# Prompt
The task calls for each line of the records below in which the word "Autos" appears.
========================
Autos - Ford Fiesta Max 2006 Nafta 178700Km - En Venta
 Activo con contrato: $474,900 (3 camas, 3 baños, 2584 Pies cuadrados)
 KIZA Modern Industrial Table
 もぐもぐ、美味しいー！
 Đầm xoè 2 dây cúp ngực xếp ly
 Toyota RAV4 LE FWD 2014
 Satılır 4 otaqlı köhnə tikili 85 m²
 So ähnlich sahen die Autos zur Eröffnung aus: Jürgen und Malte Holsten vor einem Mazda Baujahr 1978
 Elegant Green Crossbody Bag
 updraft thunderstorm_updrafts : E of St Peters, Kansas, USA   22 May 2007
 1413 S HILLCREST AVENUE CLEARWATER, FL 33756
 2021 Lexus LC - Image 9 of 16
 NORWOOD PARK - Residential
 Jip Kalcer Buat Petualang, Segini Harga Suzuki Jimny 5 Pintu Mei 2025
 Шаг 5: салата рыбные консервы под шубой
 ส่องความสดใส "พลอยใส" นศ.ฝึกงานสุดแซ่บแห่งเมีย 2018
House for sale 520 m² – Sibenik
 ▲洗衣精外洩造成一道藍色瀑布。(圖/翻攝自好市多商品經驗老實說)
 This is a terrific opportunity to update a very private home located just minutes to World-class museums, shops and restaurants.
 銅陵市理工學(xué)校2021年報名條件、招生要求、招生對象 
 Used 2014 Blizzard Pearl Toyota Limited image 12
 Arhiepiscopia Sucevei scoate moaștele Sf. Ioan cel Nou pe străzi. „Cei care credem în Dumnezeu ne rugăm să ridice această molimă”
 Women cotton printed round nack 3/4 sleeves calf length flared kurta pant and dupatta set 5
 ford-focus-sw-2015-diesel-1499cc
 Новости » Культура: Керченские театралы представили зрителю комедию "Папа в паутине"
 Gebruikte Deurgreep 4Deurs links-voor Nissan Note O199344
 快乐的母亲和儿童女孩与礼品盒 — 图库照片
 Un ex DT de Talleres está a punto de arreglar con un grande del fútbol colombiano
========================
# Result of the exercise
Autos - Ford Fiesta Max 2006 Nafta 178700Km - En Venta
 So ähnlich sahen die Autos zur Eröffnung aus: Jürgen und Malte Holsten vor einem Mazda Baujahr 1978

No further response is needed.